For investors who have held Facebook shares for the duration of Sandberg's tenure at the company, it has been a lucrative, though at times volatile, run. If you invested $1,000 in Facebook when it went public on May 18, 2012, the market value of your shares would be worth $4,964.21 at Wednesday's close, according to CNBC calculations.

Over the same stretch, a $1,000 investment in the S&P 500 index would have grown by 216% to about $3,166, compared to Meta's 396% return.

While serving as CEO Mark Zuckerberg's right-hand woman, Sandberg helped turn Facebook into an advertising juggernaut and one of the biggest names in tech. Until recently, Facebook was valued at over $1 trillion, though that valuation has been cut nearly in half amid slowing revenue growth and its first-ever user loss.

She has been by Zuckerberg's side for Facebook's high-profile acquisitions of Instagram and WhatsApp, which helped it solidify its foothold as the world's dominant social network and helped turn its ad business into a more than $25 billion per quarter revenue generator.

But her tenure at Facebook was not without controversy. She was at the company for the massive 2018 Cambridge Analytica data leak scandal and the fallout of efforts by foreign actors who sought to use Facebook's platform to influence the 2016 presidential election.

As she leaves Meta, CNBC reports that the company faces an antitrust lawsuit from the Federal Trade Commission as well as potential scrutiny from the Securities and Exchange Commission over a whistleblower complaint about its handling of hateful content on its platform.

In a post announcing Sandberg's departure, Zuckerberg said that he did not plan on replacing Sandberg's role in the company's existing corporate structure, adding that he did not know if doing so would even "be possible."

"She's a superstar who defined the COO role in her own unique way," he wrote.

Sandberg says she will continue to serve on Meta's board of directors.

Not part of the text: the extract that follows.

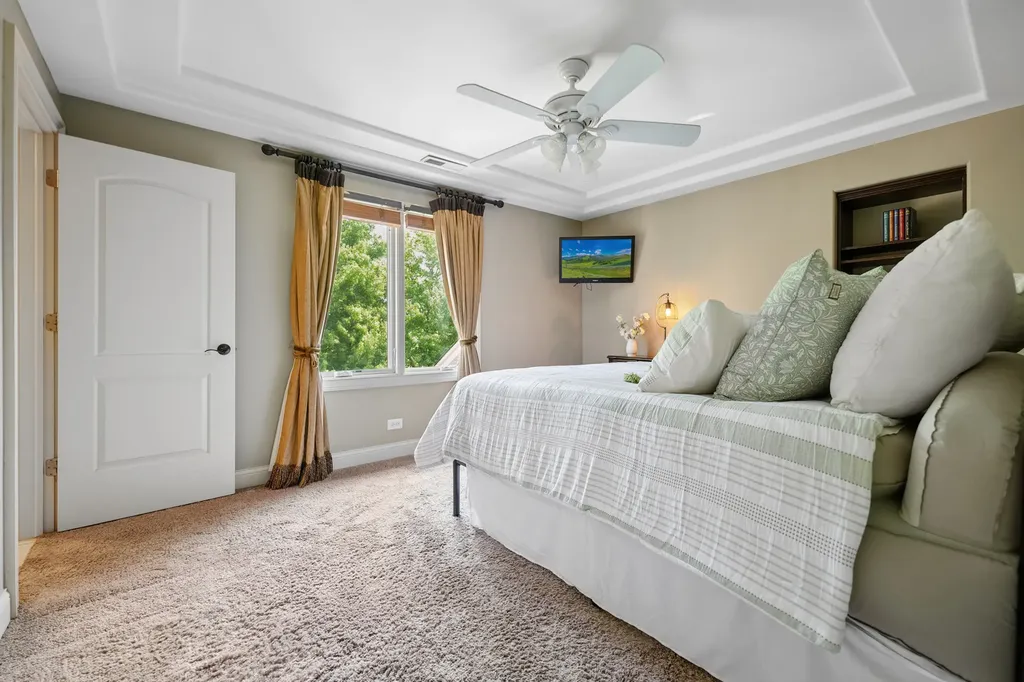 3508 Redwing Court Naperville IL 60564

Despite Facebook's growth since its IPO, past returns of an individual stock do not predict future results. Make sure to carefully research your options before investing.

Further, instead of trying to predict which stocks will go up and which will go down, consider buying low-cost index funds and holding onto them. This type of diversified fund typically avoids the ups and downs that comes with picking single stocks.